Work order ::
Print exactly the lines from the one that contains "Leucothoe fontanesiana 'Rainbow'" through the final line of the entries below, both included, and nothing else; omit the pictures.

Records for the task ::
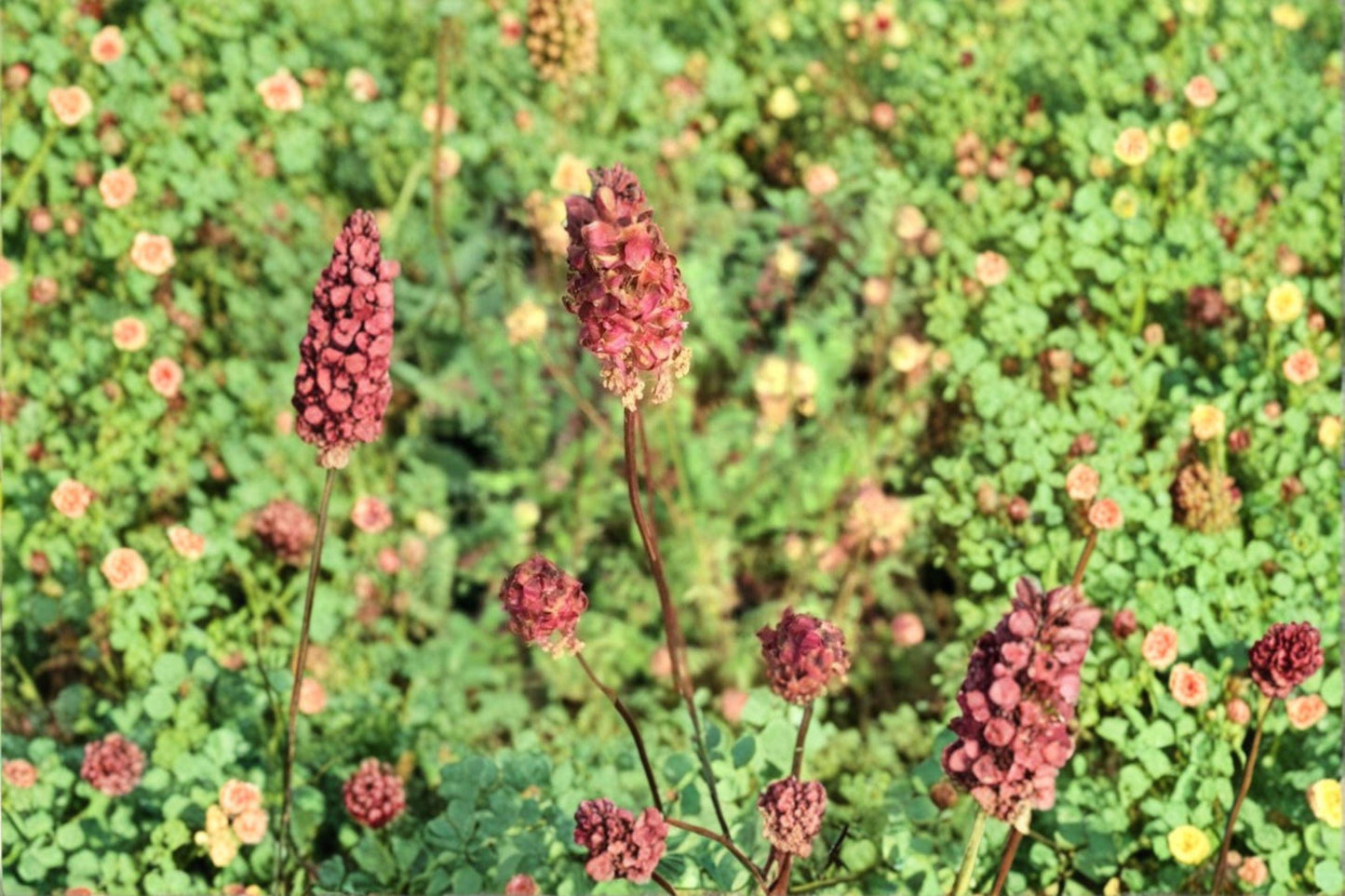 100 Small Burnet Seeds – Sanguisorba minor – Edible Perennial Herb – Pollinator Plant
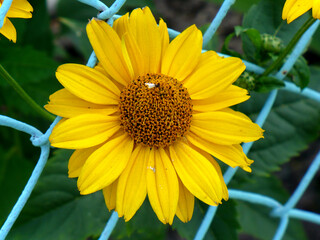 garden sunflower blue metal fence yellow flower
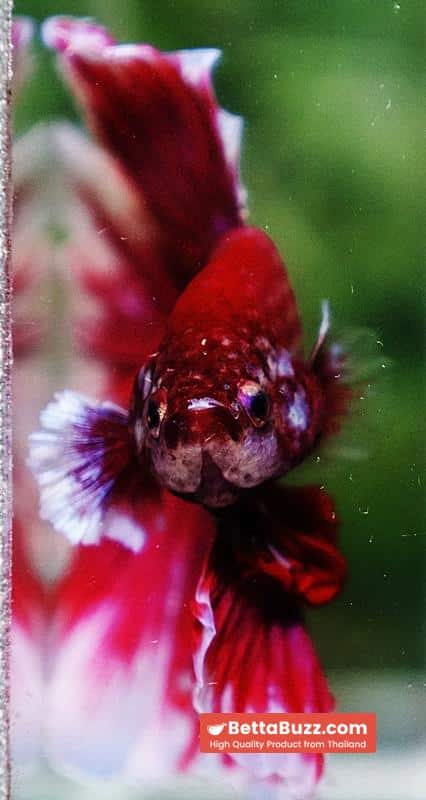 Betta fish Pink Lily Poison Rosetail OHM - Image 7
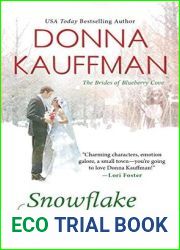 Snowflake Bay (Brides Of Blueberry Cove, #2)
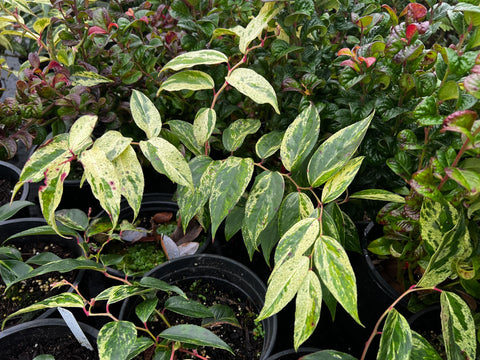 Leucothoe fontanesiana 'Rainbow'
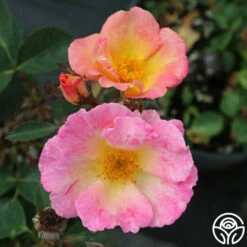 Watercolors Home Run® 11 Watercolors Home Run® -HEIRLOOM ROSES Sales watercolor homerun 1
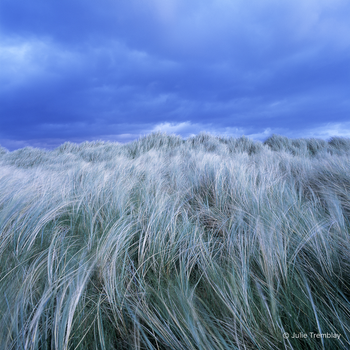 Ireland Grass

Exercise output ::
 Leucothoe fontanesiana 'Rainbow'
 Watercolors Home Run® 11 Watercolors Home Run® -HEIRLOOM ROSES Sales watercolor homerun 1
 Ireland Grass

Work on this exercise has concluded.